Gordon Brown's talents are wasted. Here we have a man with undoubted potential. A man who has a singular but great skill. A skill and ability that he has so terribly failed to exploit. At a press conference today he exhorted the young people before him to make the most of their lives. And yet Gordon Brown has failed to do that single act for himself.
Somewhere, on an industrial estate, perhaps in a quiet corner of northern England, or maybe even in his own beloved Scotland, there is a goods warehouse, and down at the back of that warehouse is a little office, and in that little office is a small, but functional computer (no internet connection). This computer handles the stock control for the warehouse. It makes sure everything that comes in and goes out of the warehouse is recorded. Right now, this neglected but functionally perfect little machine needs someone to enter important information.
Someone, with the essential backroom skills ideally suited to a mundane job in a micro-society of one.
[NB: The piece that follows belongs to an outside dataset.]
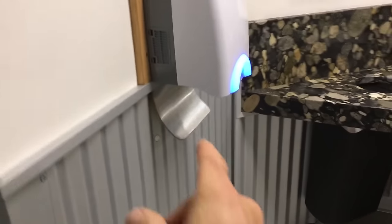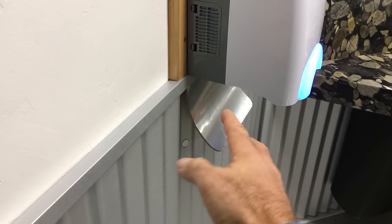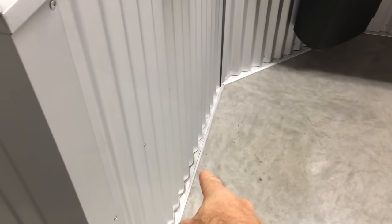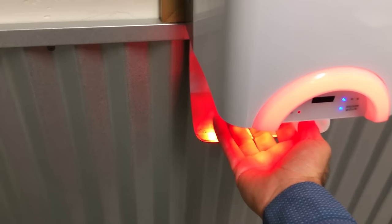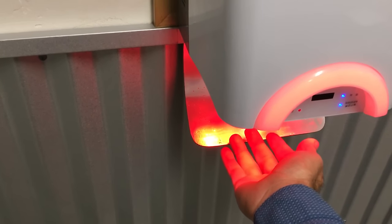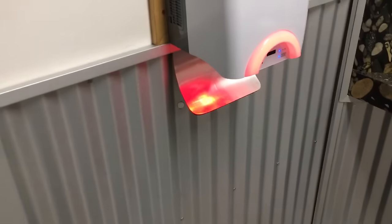My improvement for the morning is the ski ramp, which allows the air to hit against that and blow the water out instead of collecting down here. It works really well, and the cool thing about it is it actually dries your hand better because you get the updraft a little more. We'll try that out and see if it works.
It requires no interpersonal skills, marginal real intelligence but a rudimentary and single-minded application. This person needs little or no understanding of what is going on around him. Someone who, cannot be distracted by, or susceptible to changing events around him. Someone perhaps who is so embedded in his own little world he cannot really understand or analyse anything beyond him and his beloved computer. Somebody who just hunches over that computer for eight hours a day obsessively and diligently recording the comings and goings of this little world. Someone so lacking the tiniest iota of imagination that most of the time he is simply unaware of anyone or anything around him. Gordon Brown is that man.
The fact that he has been cruelly thrust into running one of the major world economies is a terrible waste of his potential. Daily he is required to understand and deal with major events in a fast-moving and politically turbulent world and daily he shows us how ill-equipped he is, on almost every level, to carry out this task. A great and possibly tragic loss to a small warehouse somewhere in the north of England (or possibly Scotland).